For many Republican politicians and conservative wonks, “tax reform” has been something of a Holy Grail. “Cut the rates and simplify the code” has long been the mantra of folks like Paul Ryan, presidential hopefuls, and think-tank scholars.
There were dozens of models for reform: a flat tax, a national sales tax, nine-nine-nine, a consumption tax, and many others. They all aimed to stimulate growth by eliminating the distortions created by arbitrary, politically favored deductions, and to reduce the disincentive to work and risk created by high top rates.
The 2017 Tax Cuts and Jobs Act wasn’t anyone’s version of an ideal tax cut. It left in place most of the loopholes, carve-outs, and tax credits that complicate the code. But in a shrewd way, the 2017 tax cut was an excellent incremental reform, which sets the stage for another reform.
Republicans’ 2017 tax cut was a bank-shot reform. By nearly doubling the standard deduction (you could say it folded the personal exemption to a larger standard deduction and larger child tax credit), the law made tax deductions moot for most people who previously itemized.
About 47 million tax filers itemized their deductions in 2017. That’s 47 million families or individuals that spent extra time counting receipts and filling out forms. That’s 47 million families whose spending and borrowing decisions may have been distorted in the name of tax minimization. For 2018, that number will plummet to about 18 million filers.
In other words, only 10% of all tax filers will itemize. At the same time, some deductions were curbed in ways that really only limit deductions for the wealthy. Mortgage interest is now only deductible on the first $750,000 in mortgages, and only the first $10,000 in state and local taxes are deductible. So the upper middle class and the wealthy who are still itemizing are now itemizing less.

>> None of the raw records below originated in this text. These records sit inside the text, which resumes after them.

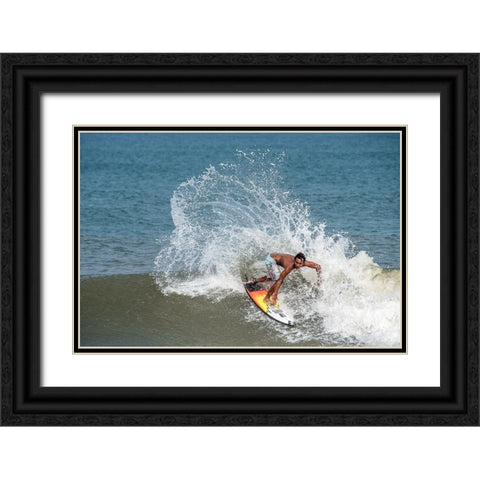 Surfing at Chennai Black Ornate Wood Framed Art Print with Double Matting by GV, BALASUBRAMANIAN
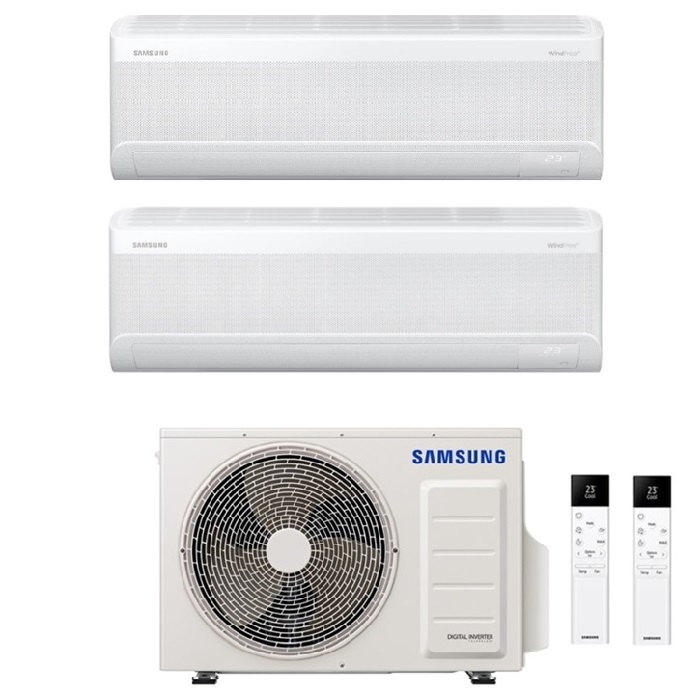 CONDIZIONATORE SAMSUNG INVERTER DUAL SPLIT WINDFREE ELITE S2 7000+9000 BTU con AJ050TXJ R-32 CLASSE A+++ WIFI - NEW 7+9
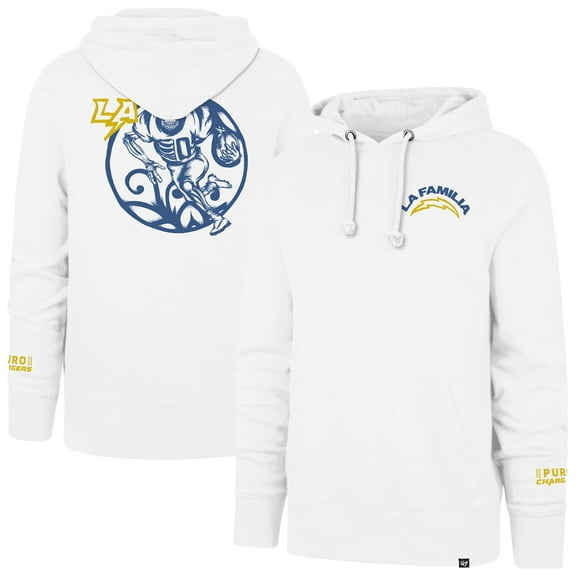 Men's '47 White Los Angeles Chargers La Familia Headline Pullover Hoodie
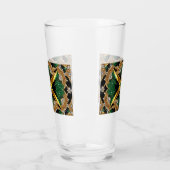 Glasbecher mit jamaikanischen Farben Glas (Links)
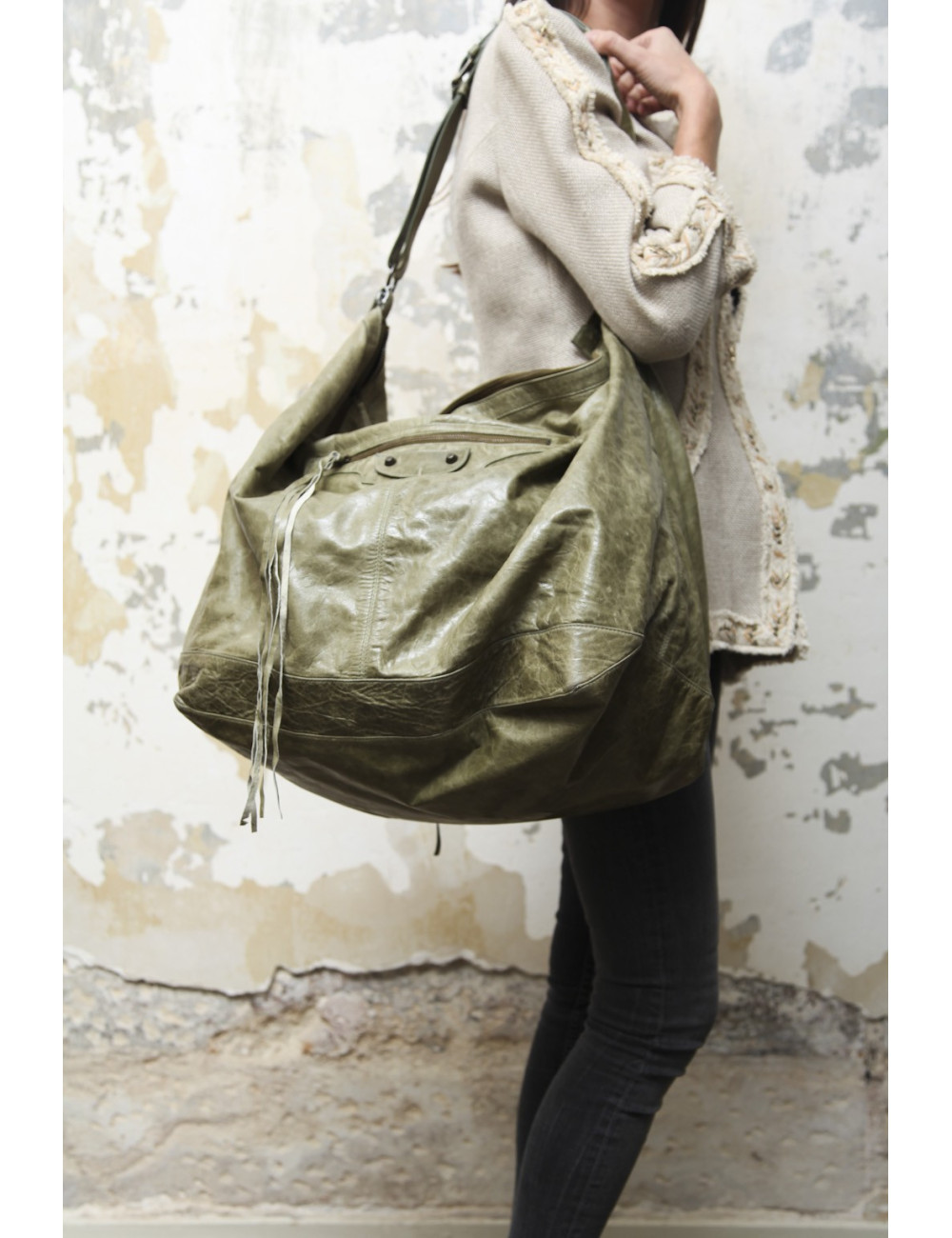 BALENCIAGA Weekender bag in green aged leather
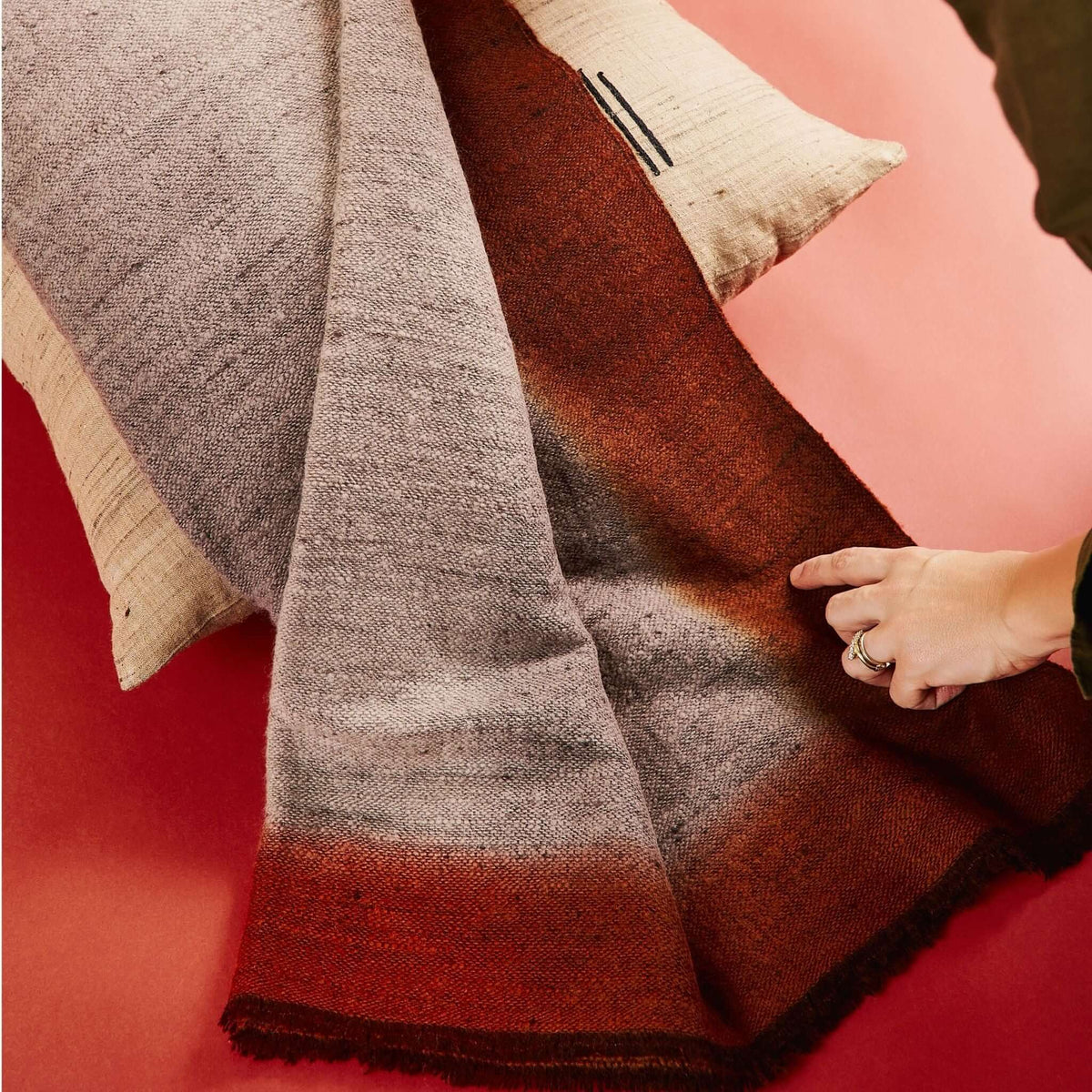 Simply Taupe brown gray hand spun merino handloom throw – One Affirmation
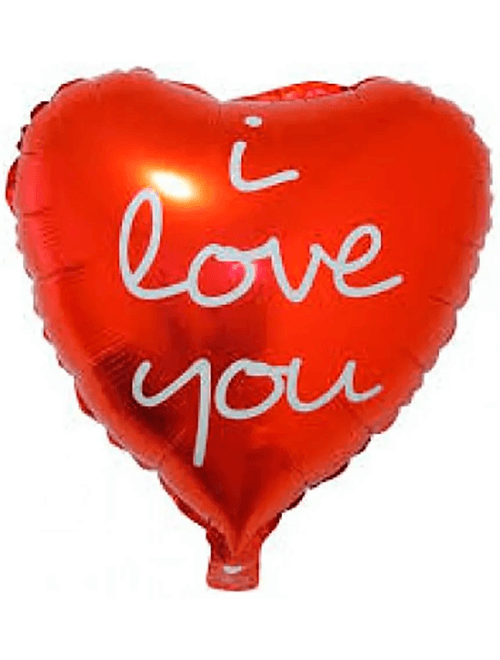 BALAO METALIZADO CORACAO I LOVE YOU 45CM COM CANUDO SILVER FESTAS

This is smart incrementalism by the GOP. It not only moves the tax code closer to a reformed tax code, it also makes further reform easier by defanging the special-interest lobbyist swarm that has been thwarting reform for decades. The mortgage-interest deduction exists because of the massive and ruthless realtor lobby and the powerful bank lobby. The complexity of the tax code benefits the former lawmakers, congressional staff, and Treasury Department staff who made the code complex before cashing out through the revolving door and then lobbying to preserve the complexity.
Too many people with too much clout profit from a dysfunctional tax code to easily allow reform. The realtors lobbied fiercely against a larger standard deduction, because it would moot the mortgage-interest deduction for many middle-class families, who now have lower taxes without having to acquire a mortgage.
The complete scrapping of special-interest deductions would have been too difficult in 2017. But it proved doable to make them less relevant. Going forward, there will be less to lose if Congress does decide to kill these deductions, meaning that the lobby to preserve complexity will be weaker. Also, the tax deductions that persist now are overwhelmingly the playthings of the wealthy, more so than before. Fewer politicians will be willing to step forward and defend them.
Congress then, ought to take the next step: Keep closing the window on the tax lobbyists from both above and below. There’s a bipartisan way to do this, theoretically.
First, further raise the standard deduction, to moot itemized deductions for all but the very wealthiest Americans. Second, lower the amount of mortgage interest that is deductible and bar deductions on mortgages for second homes.
At this point, the number of people itemizing will be even smaller than it is today, and the difference between their itemized deductions and the standard deduction will be smaller. That will make the third and final step easier: Totally abolish the deductions for mortgage interest and state and local taxes.
If Democrats believe what they say they believe — that the wealthy game the tax code too much, and the tax code should be more progressive — they’ll go along with this next step of tax reform.
If Democrats don’t go along, at least we’ll get a confirmation that they never really cared for a progressive tax code, they just wanted to control people’s lives.